March 9, 2005

Smart dummy should improve safety

Dearborn, Michigan – Working with colleagues from North America, Europe and Asia, Ford researchers have developed WorldSID (World Side Impact Dummy), the world’s most advanced crash test dummy. The dummy has been under development since 1997 and represents a new standard in safety technology.

Until now, crash dummies were developed on an individual basis and used to develop standard in each jurisdiction. As a result, crash test results differed around the globe, resulting in automakers undertaking multiple vehicle development programs, depending upon the market. WorldSID could conceivably save automakers billions of dollars due to standardized crash test results in all countries.

WorldSID contains 212 sensors and memory boards that record data more than 10,000 times a second.

“The dummy is the first to be able to collect 224 channels of data internally,” said Rita Scherer, tri-chairperson of the WorldSID Task Group. “There is no large bundle of cables that is required to connect to an external system. This also makes it easier to position the dummy similar to a human in the test, since there is not a big bundle of cables protruding from its back. The collection of data internally also assists in being able to collect more channels of dummy data because we are not limited to the capacity of the vehicle to carry large equipment. Most facilities have a maximum capacity of data channels they can collect, but since the dummy can collect its own data, it is not limited by the facility.”

“The biofidelity of the WorldSID is the best of any side impact dummy by far,” said Dr. Stephen Rouhana, senior technical leader, Passive Safety Research and Advanced Engineering for Ford. “Biofidelity is a measure of how well the dummy simulates a human being. A dummy must respond like a human to ensure that the information we get from it is truly representative of what would happen to a human being in a similar crash. For example, if the chest of the dummy crushes like a marshmallow in a crash, the dummy would almost always indicate that injury would occur in a crash test. In contrast, if the chest of the dummy crushes like a brick, the dummy would almost always indicate that no injury would occur in a crash test.”

WorldSID’s biofidelity scores an 8.3 on the ISO Biofidelity Rating Scale of 1-10, with 10 being the best. The next closest mid-male dummy, used for European regulation, is rated at 4.4. The U.S.-regulated dummy rates 2.3. WorldSID’s superior design is due in part to the use of new technologies and materials, some of which were not available for use in older dummy designs. WorldSID’s ribs, for example, achieve human-like deflection performance via a super-elastic nickel-titanium alloy.

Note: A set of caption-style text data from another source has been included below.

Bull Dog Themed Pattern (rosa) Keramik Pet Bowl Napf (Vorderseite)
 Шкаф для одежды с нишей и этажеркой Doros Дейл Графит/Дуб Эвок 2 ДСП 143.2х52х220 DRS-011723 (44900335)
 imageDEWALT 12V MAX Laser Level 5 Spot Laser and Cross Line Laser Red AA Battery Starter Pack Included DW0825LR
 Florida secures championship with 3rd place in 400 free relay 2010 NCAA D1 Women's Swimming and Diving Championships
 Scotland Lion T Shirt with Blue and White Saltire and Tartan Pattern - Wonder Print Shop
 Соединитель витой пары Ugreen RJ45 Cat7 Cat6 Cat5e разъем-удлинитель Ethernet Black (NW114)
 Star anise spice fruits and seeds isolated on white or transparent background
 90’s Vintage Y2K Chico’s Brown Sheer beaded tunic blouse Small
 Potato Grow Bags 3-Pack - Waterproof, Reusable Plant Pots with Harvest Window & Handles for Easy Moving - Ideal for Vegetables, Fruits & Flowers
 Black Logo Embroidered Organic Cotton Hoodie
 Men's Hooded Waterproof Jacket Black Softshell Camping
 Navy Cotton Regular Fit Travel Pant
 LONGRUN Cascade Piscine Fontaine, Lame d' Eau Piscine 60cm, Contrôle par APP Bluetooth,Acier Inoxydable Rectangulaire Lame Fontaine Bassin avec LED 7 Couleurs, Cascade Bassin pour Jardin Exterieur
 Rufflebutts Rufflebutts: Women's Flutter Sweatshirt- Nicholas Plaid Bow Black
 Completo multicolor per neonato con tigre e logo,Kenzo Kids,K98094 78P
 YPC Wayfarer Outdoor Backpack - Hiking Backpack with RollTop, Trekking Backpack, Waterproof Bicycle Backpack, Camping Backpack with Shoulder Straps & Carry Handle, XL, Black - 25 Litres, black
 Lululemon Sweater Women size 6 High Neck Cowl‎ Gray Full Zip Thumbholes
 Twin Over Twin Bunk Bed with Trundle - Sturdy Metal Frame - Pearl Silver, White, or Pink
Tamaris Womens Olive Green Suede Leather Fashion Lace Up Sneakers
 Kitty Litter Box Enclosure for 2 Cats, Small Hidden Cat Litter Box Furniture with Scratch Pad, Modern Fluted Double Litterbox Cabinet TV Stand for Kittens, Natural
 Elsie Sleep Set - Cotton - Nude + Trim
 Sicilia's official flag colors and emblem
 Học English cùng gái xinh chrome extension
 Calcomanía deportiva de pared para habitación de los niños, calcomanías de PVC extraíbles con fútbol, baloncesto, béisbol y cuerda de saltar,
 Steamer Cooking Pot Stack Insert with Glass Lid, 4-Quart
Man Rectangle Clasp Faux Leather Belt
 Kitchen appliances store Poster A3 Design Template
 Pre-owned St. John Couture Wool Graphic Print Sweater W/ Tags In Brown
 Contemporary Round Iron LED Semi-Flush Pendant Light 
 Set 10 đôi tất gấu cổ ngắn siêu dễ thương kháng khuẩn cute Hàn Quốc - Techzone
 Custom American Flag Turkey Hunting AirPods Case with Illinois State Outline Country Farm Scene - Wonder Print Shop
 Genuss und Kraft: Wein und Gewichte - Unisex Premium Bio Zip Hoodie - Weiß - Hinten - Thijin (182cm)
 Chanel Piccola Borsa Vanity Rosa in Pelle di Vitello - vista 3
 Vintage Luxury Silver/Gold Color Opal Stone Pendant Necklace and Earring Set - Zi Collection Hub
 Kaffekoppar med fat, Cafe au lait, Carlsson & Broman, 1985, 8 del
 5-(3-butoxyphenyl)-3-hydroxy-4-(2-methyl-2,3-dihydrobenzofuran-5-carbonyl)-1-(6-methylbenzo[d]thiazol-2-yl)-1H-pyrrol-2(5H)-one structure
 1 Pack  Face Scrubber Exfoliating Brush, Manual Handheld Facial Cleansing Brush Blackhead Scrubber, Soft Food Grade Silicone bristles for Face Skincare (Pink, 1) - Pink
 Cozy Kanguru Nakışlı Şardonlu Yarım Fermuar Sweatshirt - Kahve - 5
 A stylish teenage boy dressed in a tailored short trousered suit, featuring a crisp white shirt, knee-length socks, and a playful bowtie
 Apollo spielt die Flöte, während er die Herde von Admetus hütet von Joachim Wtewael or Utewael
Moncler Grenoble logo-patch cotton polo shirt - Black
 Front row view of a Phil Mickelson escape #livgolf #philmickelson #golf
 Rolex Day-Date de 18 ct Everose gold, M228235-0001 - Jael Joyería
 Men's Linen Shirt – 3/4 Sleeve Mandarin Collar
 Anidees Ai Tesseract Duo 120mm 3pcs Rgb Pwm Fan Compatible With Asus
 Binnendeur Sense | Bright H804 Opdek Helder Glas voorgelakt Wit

Testing has included nearly 1,000 whole-dummy biofidelity, vehicle and component tests, in 16 different labs and agencies in at least 10 different countries, including Canada, Japan, Australia and the United States. WorldSID made its official debut last June at a meeting of the Working Party on Passive Safety at the United Nations in Geneva, and was selected as one of Popular Science Magazine’s “2004 Best of What’s New” in the December 2004 issue.